Assignment:
Required from the data below: the exact lines starting at the line containing "Tablou sticla personalizabil, pentru" and ending at the line containing "2011 Kia Soul !", with both ends kept and all pictures dropped.

Records for this task:

################

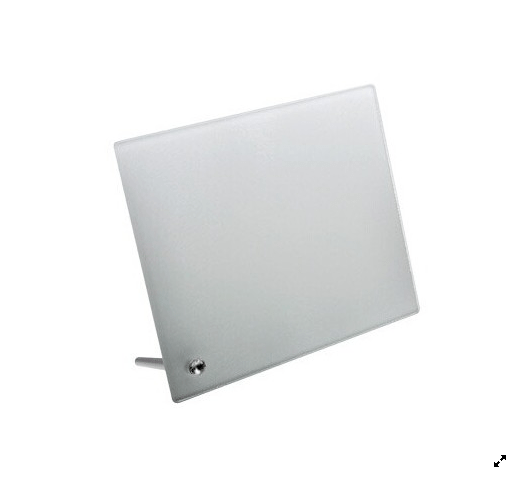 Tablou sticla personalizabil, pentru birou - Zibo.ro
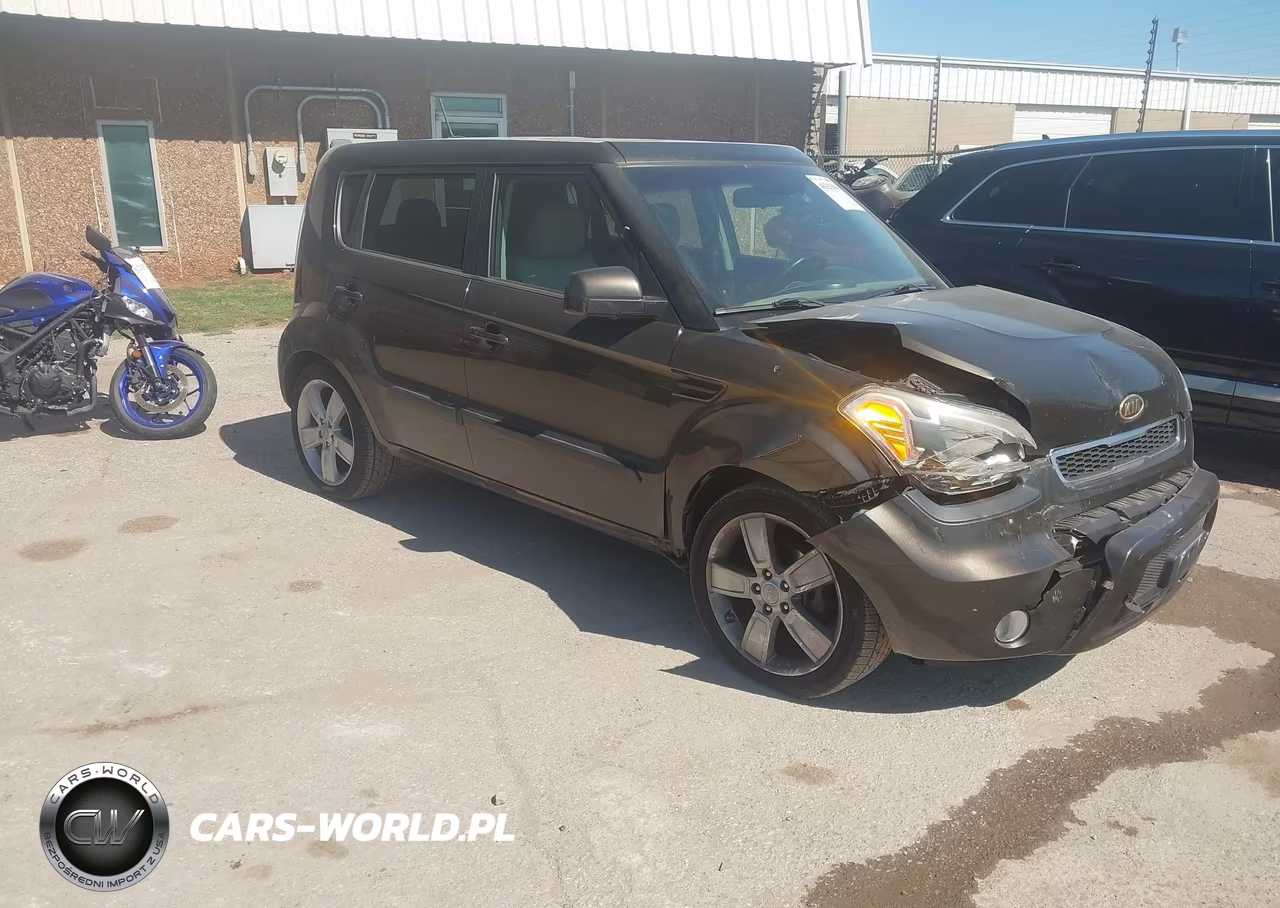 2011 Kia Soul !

################

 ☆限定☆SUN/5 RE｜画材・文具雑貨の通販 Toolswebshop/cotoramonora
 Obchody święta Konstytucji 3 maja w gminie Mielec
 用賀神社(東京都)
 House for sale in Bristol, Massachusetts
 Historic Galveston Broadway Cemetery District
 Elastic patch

################

Task output:
 Tablou sticla personalizabil, pentru birou - Zibo.ro
 2011 Kia Soul !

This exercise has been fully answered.